──────── RECORDS SHOWN

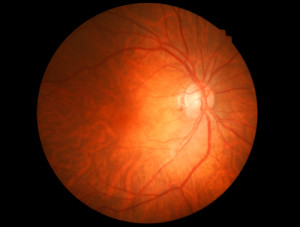 Eye Fundus Photo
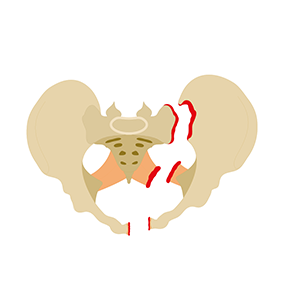 hip scan infographic in circle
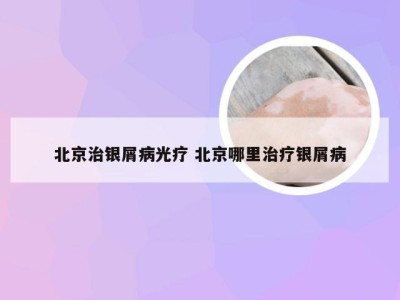 北京治银屑病光疗 北京哪里治疗银屑病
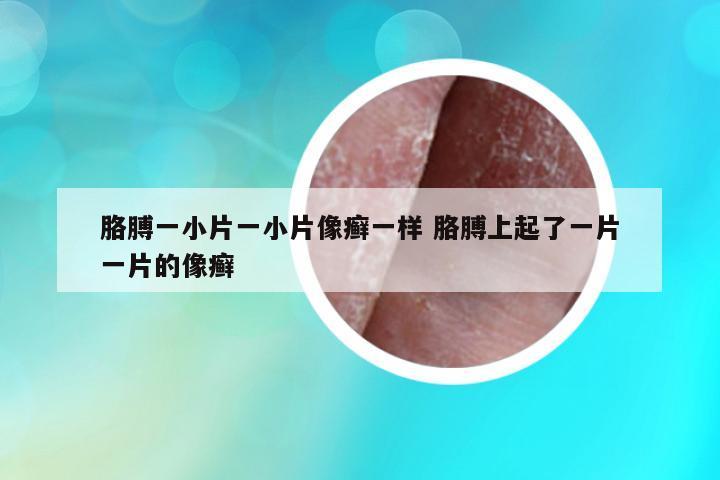 胳膊一小片一小片像癬一樣 胳膊上起了一片一片的像癬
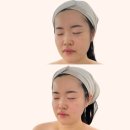 이뻐진개 | 대전 피부관리 아로뮤에스테틱 윤곽관리받고 얼굴라인 이뻐진 찐후기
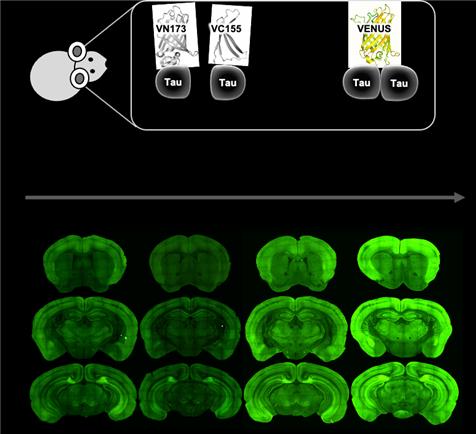 KIST 치매DTC융합연구단이 치매 유발 원인으로 알려진 타우 단백질을 응집초기부터 관찰할 수 있는 동물모델을 개발했다. 타우-BiFC 생쥐모델의 뇌에서 노화에 따른 타우 응집 정도 모니터링.<사진= KIST>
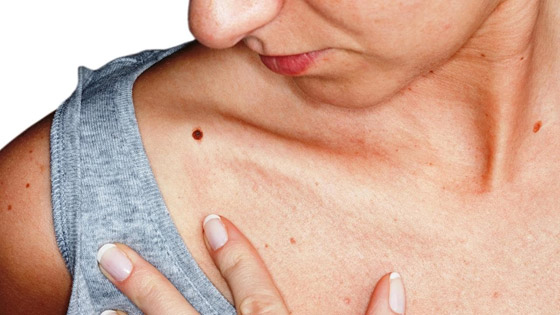 أهم الأعراض والعلامات التي تميز كل نوع من أنواع السرطان صورة رقم 4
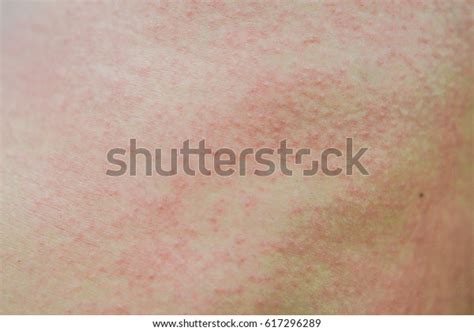 Skin Rashes Allergies Contact Dermatitis Stock Photo 617296289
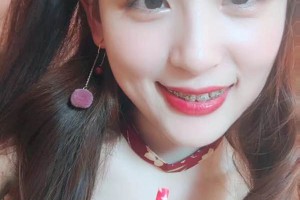 合肥艾雅醫(yī)療美容醫(yī)院怎么樣？附切開雙眼皮對(duì)比圖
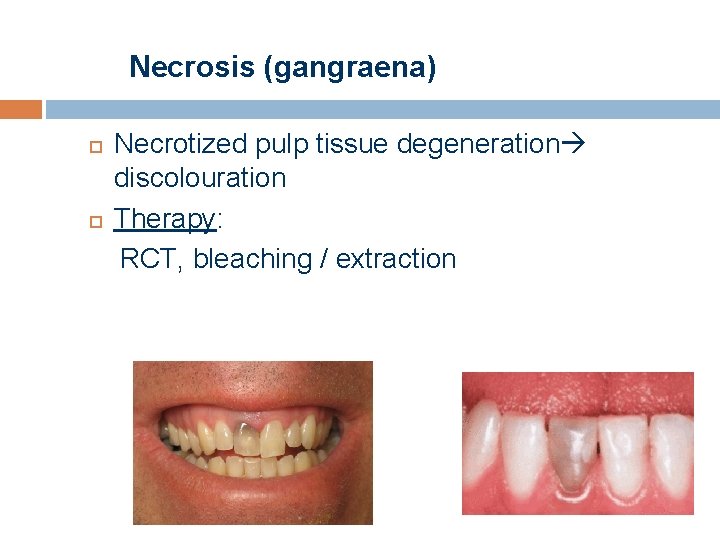 Necrosis (gangraena) Necrotized pulp tissue degeneration discolouration Therapy: RCT, bleaching / extraction 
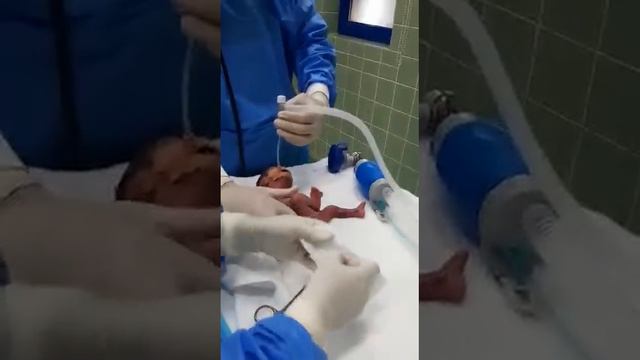 Workshop 29 preterm 27 weeks, RDS , STABILIZATION of baby in delivery room, practical tips смотреть онлайн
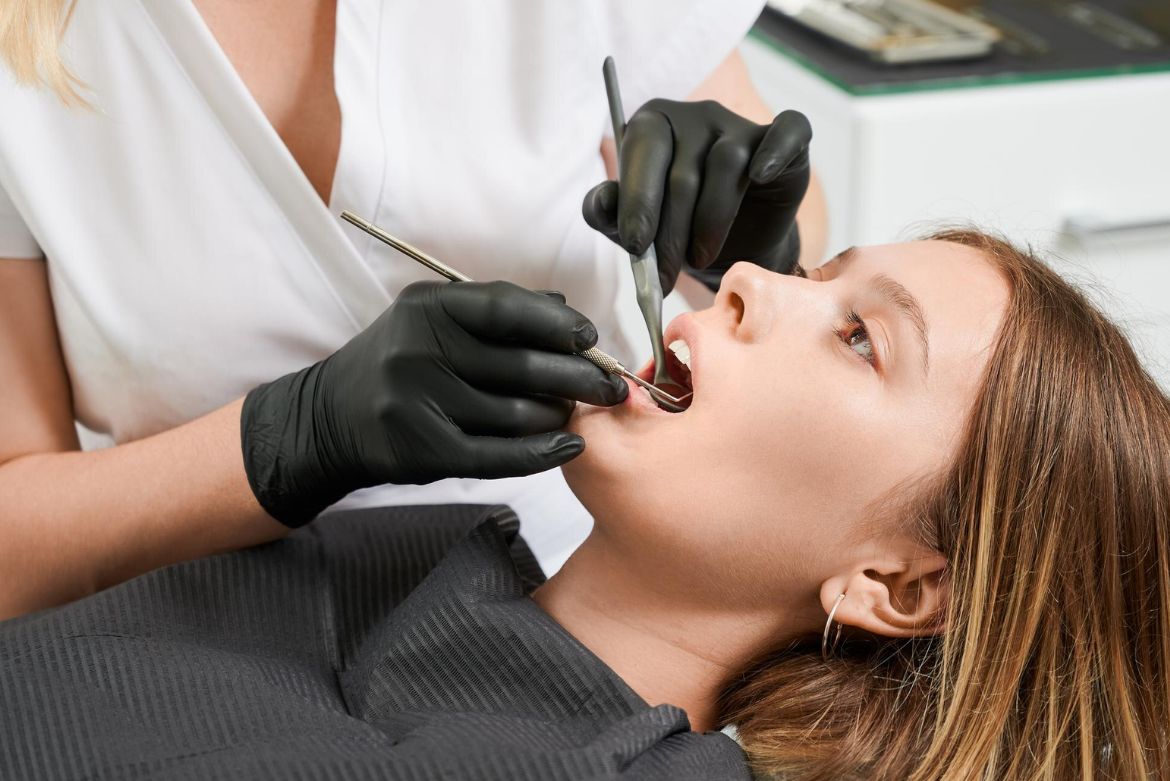 Dental Fillings Services in Kingston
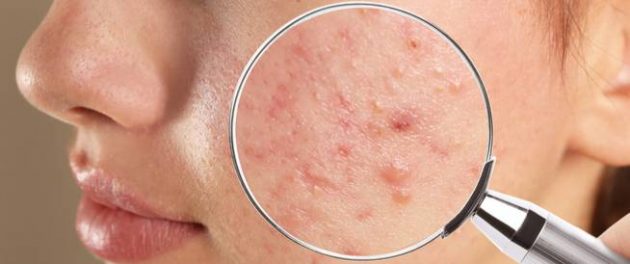 أكني بيوتك Acne Biotic محلول لعلاج حب الشباب  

────────────────

▶ **ACTIVITY**: Please keep the pictures out and reproduce the records above exactly.

▶ **TASK OUTPUT**:
 Eye Fundus Photo
 hip scan infographic in circle
 北京治银屑病光疗 北京哪里治疗银屑病
 胳膊一小片一小片像癬一樣 胳膊上起了一片一片的像癬
 이뻐진개 | 대전 피부관리 아로뮤에스테틱 윤곽관리받고 얼굴라인 이뻐진 찐후기
 KIST 치매DTC융합연구단이 치매 유발 원인으로 알려진 타우 단백질을 응집초기부터 관찰할 수 있는 동물모델을 개발했다. 타우-BiFC 생쥐모델의 뇌에서 노화에 따른 타우 응집 정도 모니터링.<사진= KIST>
 أهم الأعراض والعلامات التي تميز كل نوع من أنواع السرطان صورة رقم 4
 Skin Rashes Allergies Contact Dermatitis Stock Photo 617296289
 合肥艾雅醫(yī)療美容醫(yī)院怎么樣？附切開雙眼皮對(duì)比圖
 Necrosis (gangraena) Necrotized pulp tissue degeneration discolouration Therapy: RCT, bleaching / extraction 
 Workshop 29 preterm 27 weeks, RDS , STABILIZATION of baby in delivery room, practical tips смотреть онлайн
 Dental Fillings Services in Kingston
 أكني بيوتك Acne Biotic محلول لعلاج حب الشباب  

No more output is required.